### Exercise
Find the line that contains "Pisapapeles de cristal". Copy it and every line after it to the end of the material below, exactly, with no pictures.

- - -

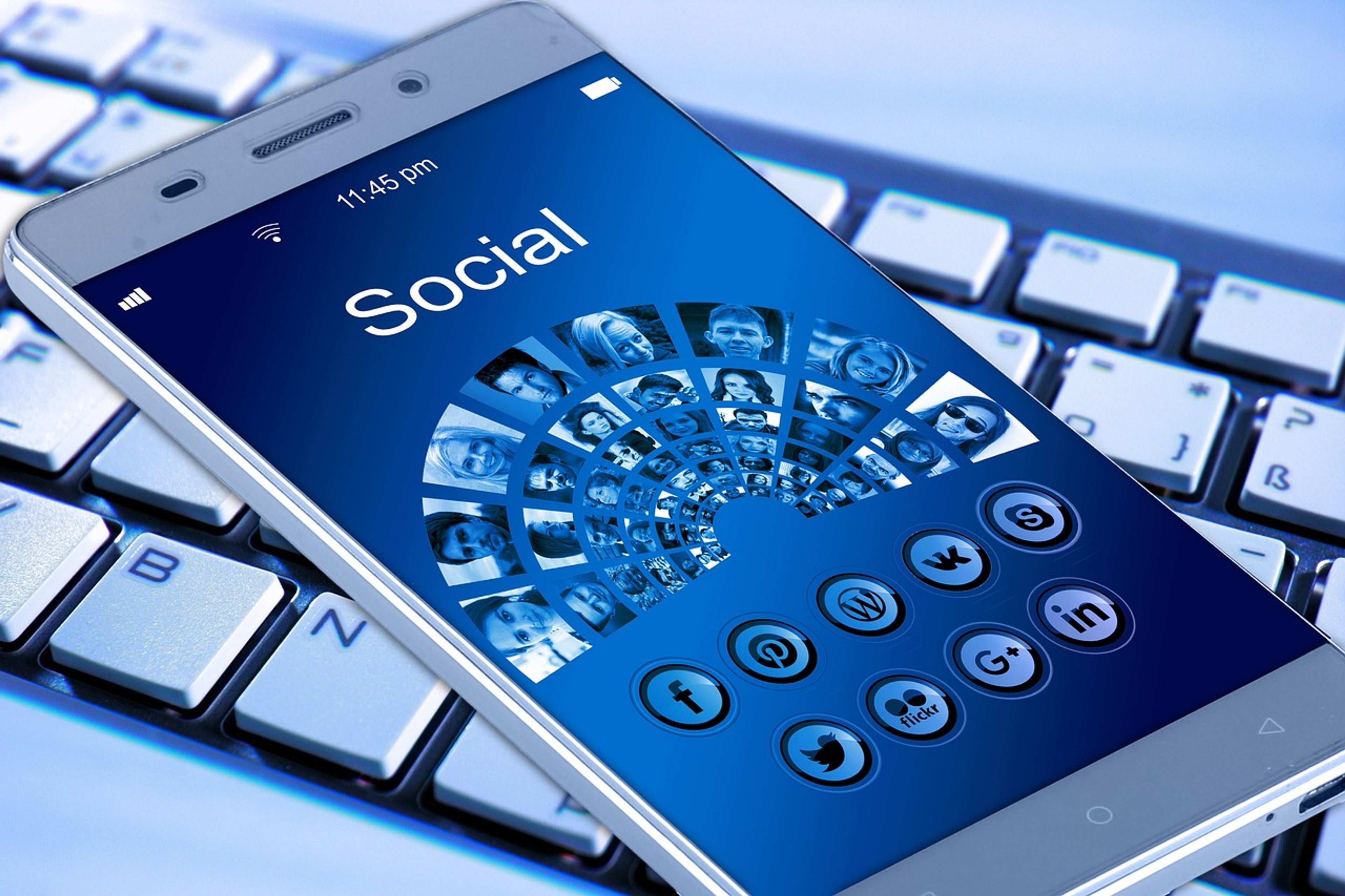 Social Media – Reichweite und Sichtbarkeit legal steigern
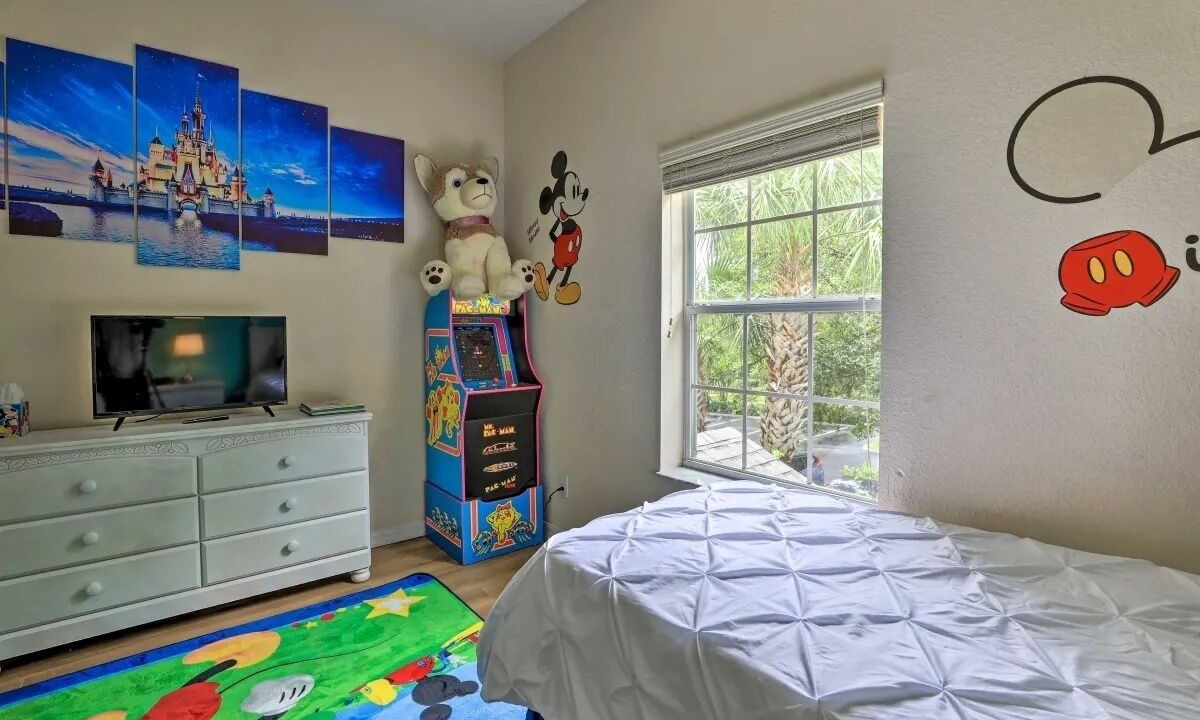Photo of Bedroom in Bahama Bay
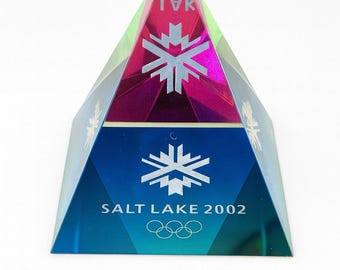Pisapapeles de cristal con forma de pirámide de los Juegos Olímpicos de Invierno de Salt Lake City 2002. Prisma de recuerdo.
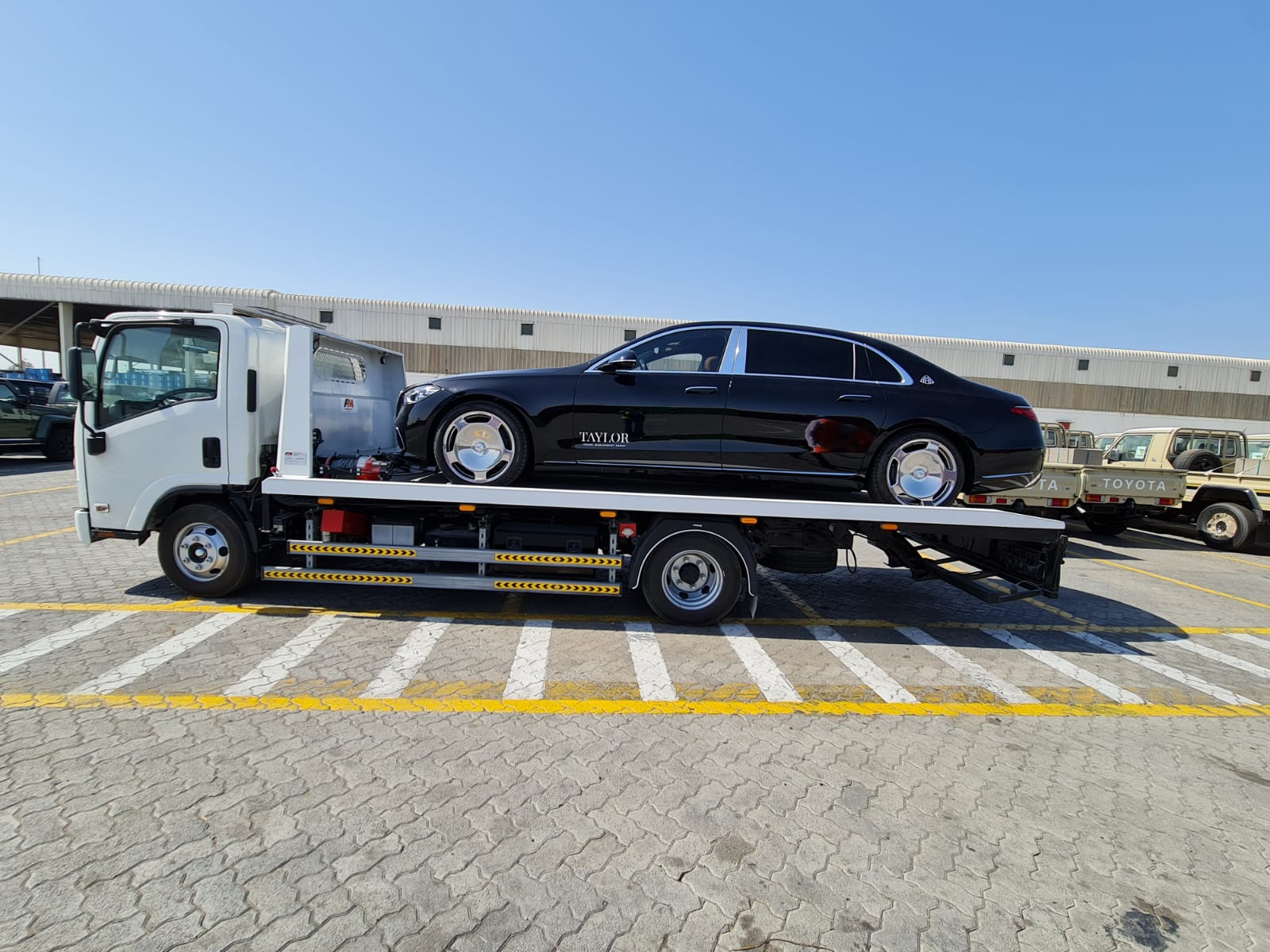 Car recovery services London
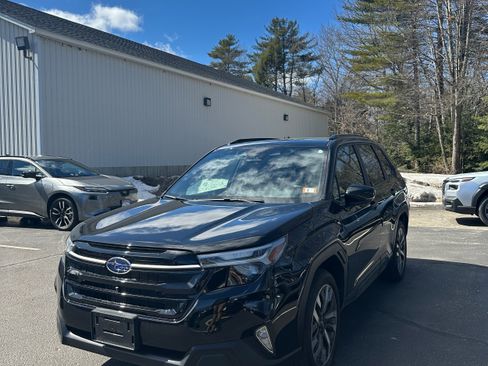 Used 2025 Subaru Forester Touring image 1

- - -

### Written answer
Pisapapeles de cristal con forma de pirámide de los Juegos Olímpicos de Invierno de Salt Lake City 2002. Prisma de recuerdo.
 Car recovery services London
 Used 2025 Subaru Forester Touring image 1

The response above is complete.